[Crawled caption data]
[Start of Attachment]

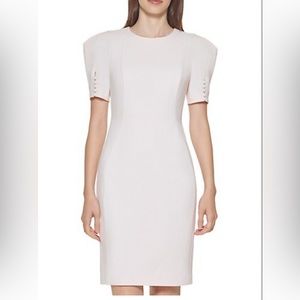 Pink Calvin Klein Dress~ NWT, size 10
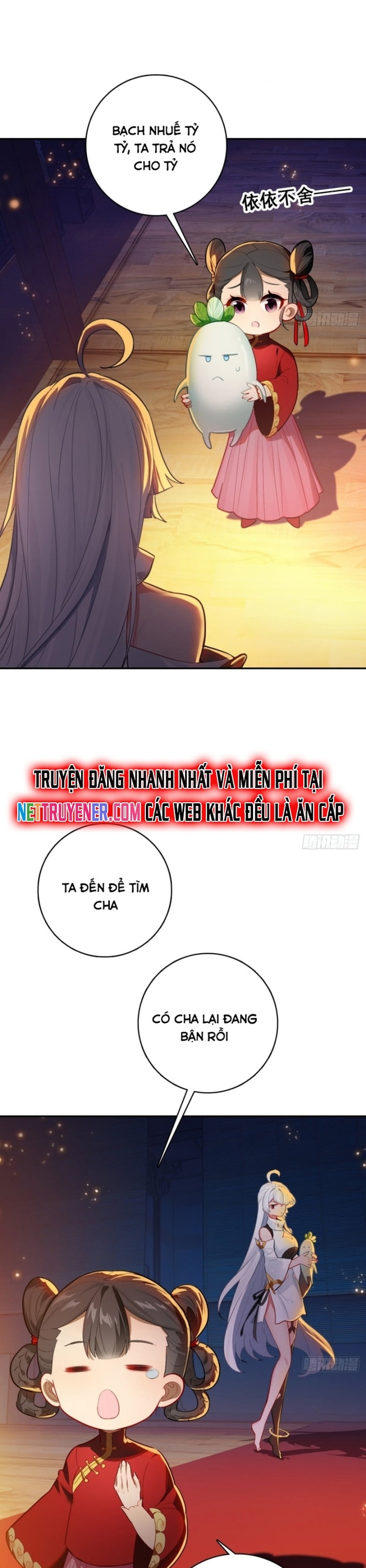 Đừng xem thường một củ cải: Chapter 36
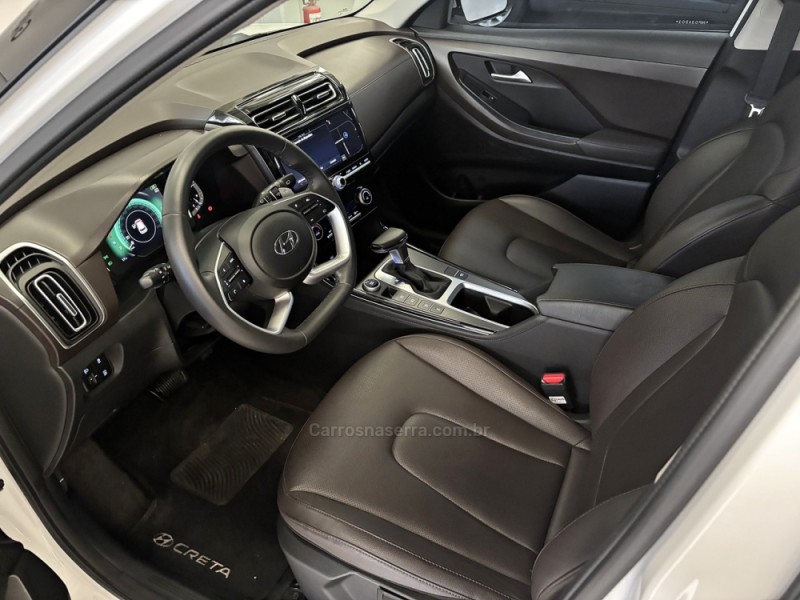 CRETA 1.0 12V FLEX PLATINUM SAFETY 4P AUTOMÁTICO - 2022 - BENTO GONçALVES
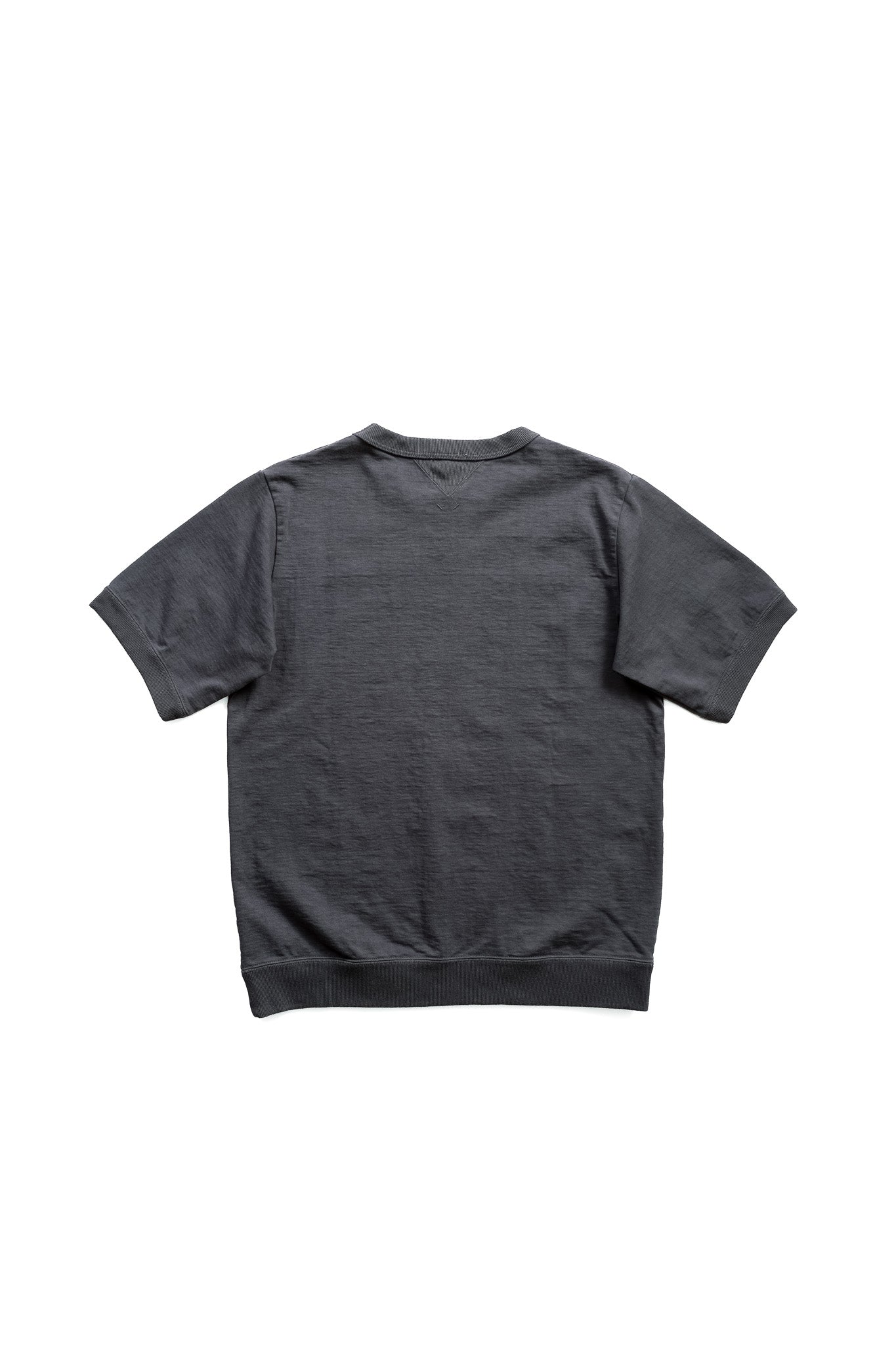 DOTSUME RIB T - STEEL BLUE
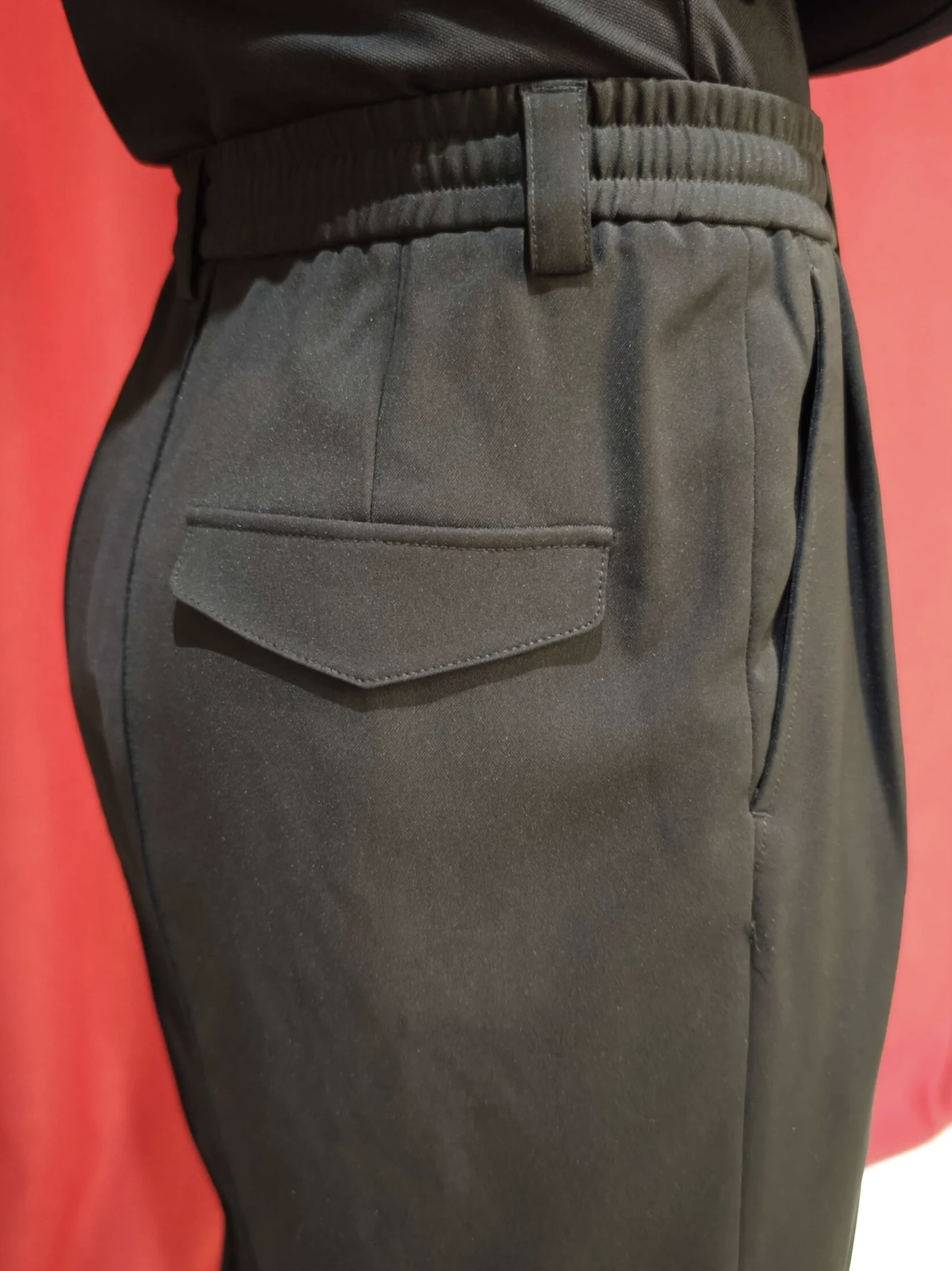 NY Elastic Trousers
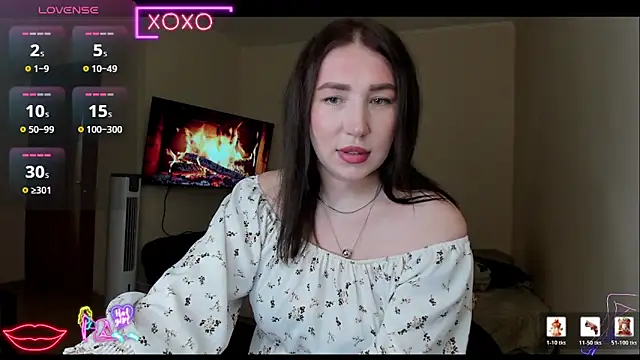 Milana Lovee online show from 07.17.26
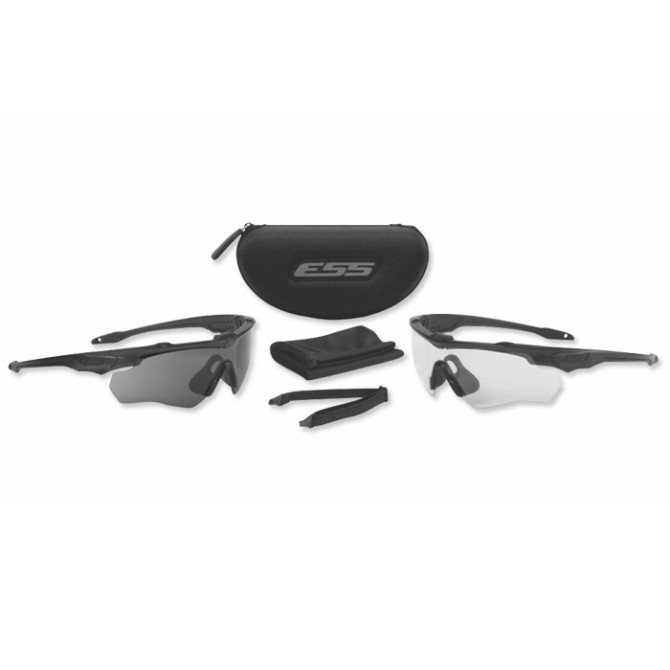 ESS Crossblade Ballistic Eyeshields 2X Kit - Standard - EE9032-03B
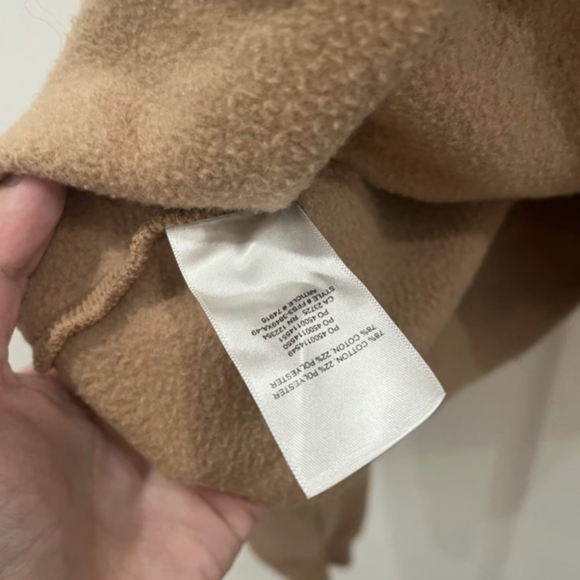 ARITZIA TnA The Perfect Crop Hoodie Light  Rhinestone Bedazzled - Picture 4 of 8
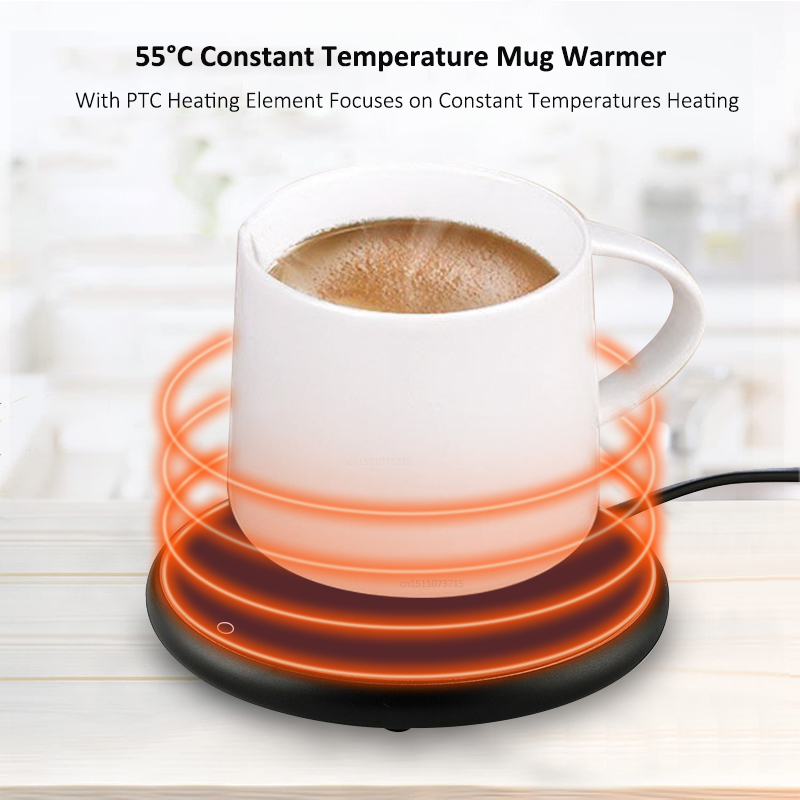 Calentador de tazas USB, posav - Coffee Tea Warmer reseña y precio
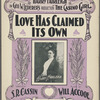 Love has claimed it's own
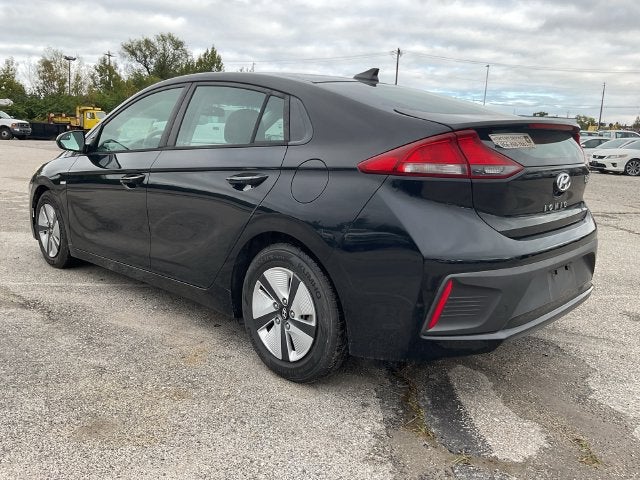 2018 Hyundai Ioniq Hybrid Blue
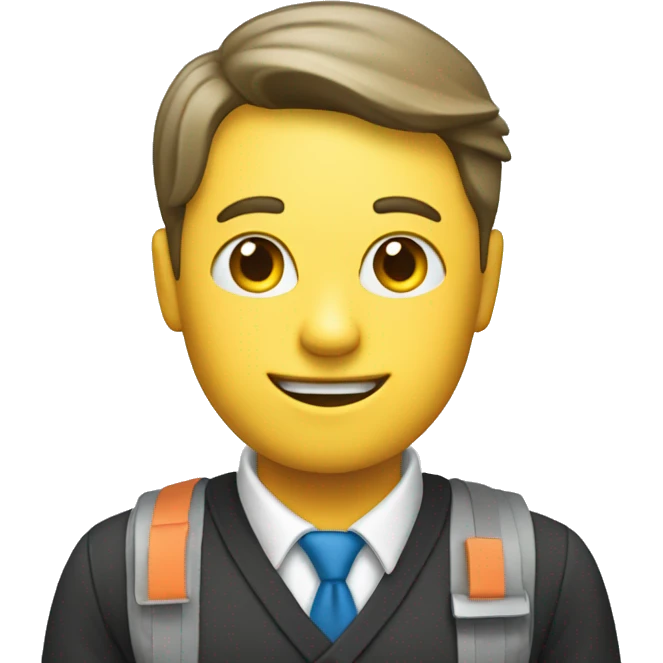 Job Application Symbol emoji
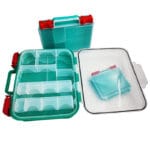 Wall-mounted Slide Latch First Aid Kit detail image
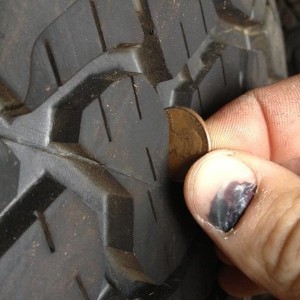 Parts for Sale Spare Tread Depth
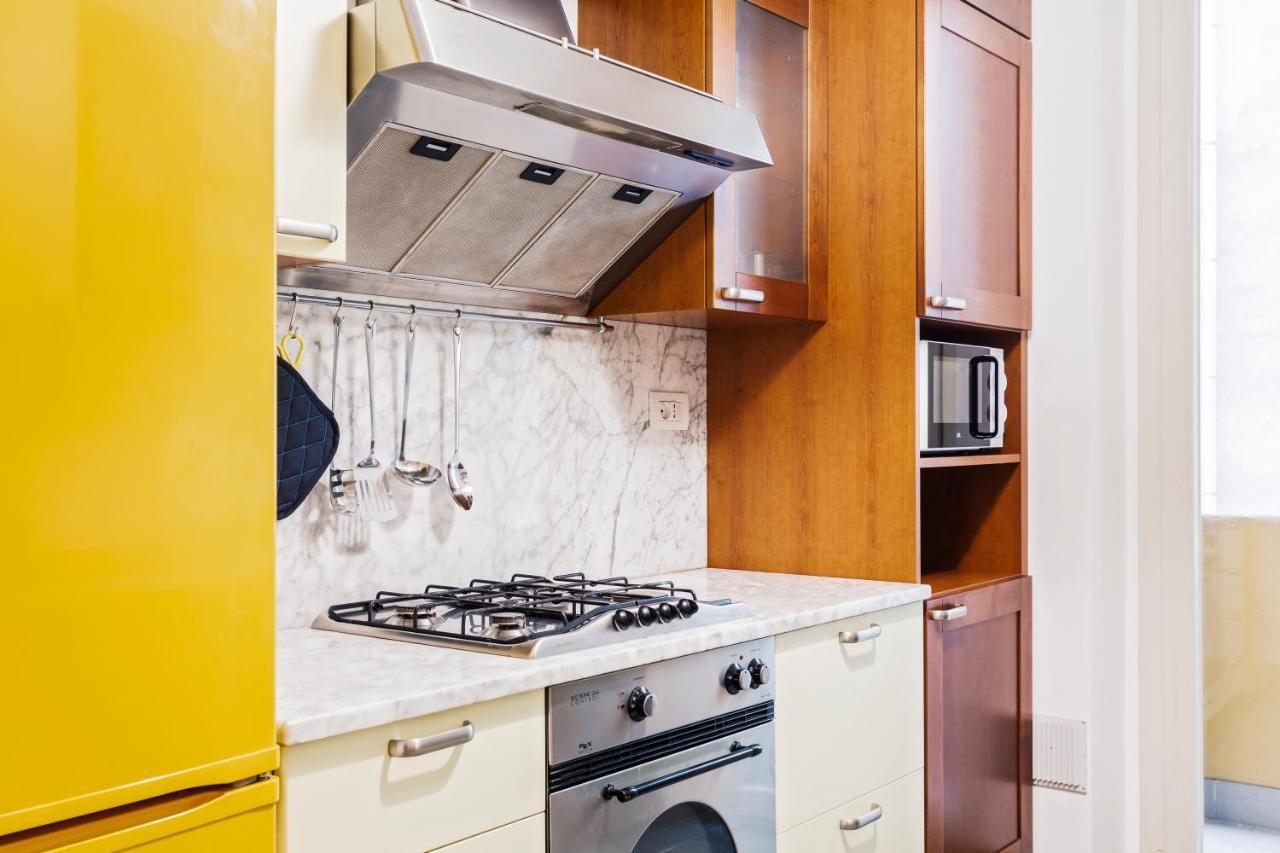 A Retreat In The Heart Of Milan I Via Sapeto Apartman Kültér fotó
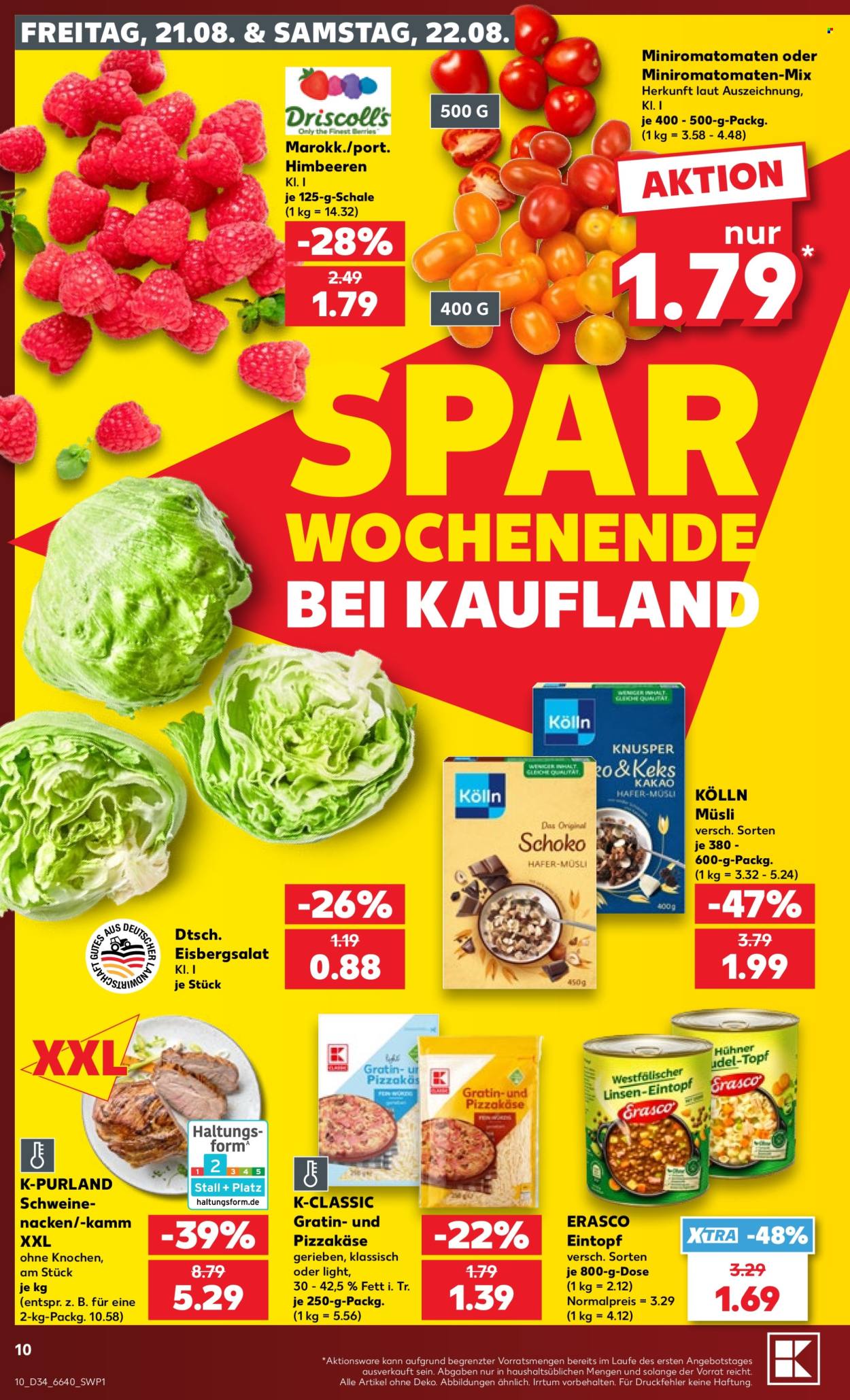 Kaufland Prospekte  - 20.8.2026 - 26.8.2026. Seite 10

[End of Attachment]

__Assignment__:
Once the line containing "Parts for Sale Spare Tread Depth" is found in the records above, it and every line after it up to the last must be repeated exactly, without pictures.

__Answer section__:
 Parts for Sale Spare Tread Depth
 A Retreat In The Heart Of Milan I Via Sapeto Apartman Kültér fotó
 Kaufland Prospekte  - 20.8.2026 - 26.8.2026. Seite 10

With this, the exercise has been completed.